◆ Task brief: Which lines run from the one containing "this 640×480 image." to the end of the records? Write them out exactly, both ends included, and nothing else.

◆ Task data:
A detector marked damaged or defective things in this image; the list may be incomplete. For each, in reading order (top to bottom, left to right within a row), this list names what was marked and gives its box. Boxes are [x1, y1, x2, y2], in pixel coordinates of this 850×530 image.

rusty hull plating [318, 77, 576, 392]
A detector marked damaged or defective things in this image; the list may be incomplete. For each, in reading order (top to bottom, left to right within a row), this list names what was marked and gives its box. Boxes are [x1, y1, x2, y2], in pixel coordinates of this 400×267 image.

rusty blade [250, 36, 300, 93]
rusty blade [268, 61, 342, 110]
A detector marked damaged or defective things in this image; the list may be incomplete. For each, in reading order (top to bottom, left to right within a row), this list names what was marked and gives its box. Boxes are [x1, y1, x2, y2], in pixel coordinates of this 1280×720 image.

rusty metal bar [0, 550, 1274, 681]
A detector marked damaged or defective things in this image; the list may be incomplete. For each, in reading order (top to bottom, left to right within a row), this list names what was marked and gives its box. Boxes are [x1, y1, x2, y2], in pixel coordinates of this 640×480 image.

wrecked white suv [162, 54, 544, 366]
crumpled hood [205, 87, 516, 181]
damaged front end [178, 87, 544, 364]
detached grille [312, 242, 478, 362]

◆ Completed task:
A detector marked damaged or defective things in this image; the list may be incomplete. For each, in reading order (top to bottom, left to right within a row), this list names what was marked and gives its box. Boxes are [x1, y1, x2, y2], in pixel coordinates of this 640×480 image.

wrecked white suv [162, 54, 544, 366]
crumpled hood [205, 87, 516, 181]
damaged front end [178, 87, 544, 364]
detached grille [312, 242, 478, 362]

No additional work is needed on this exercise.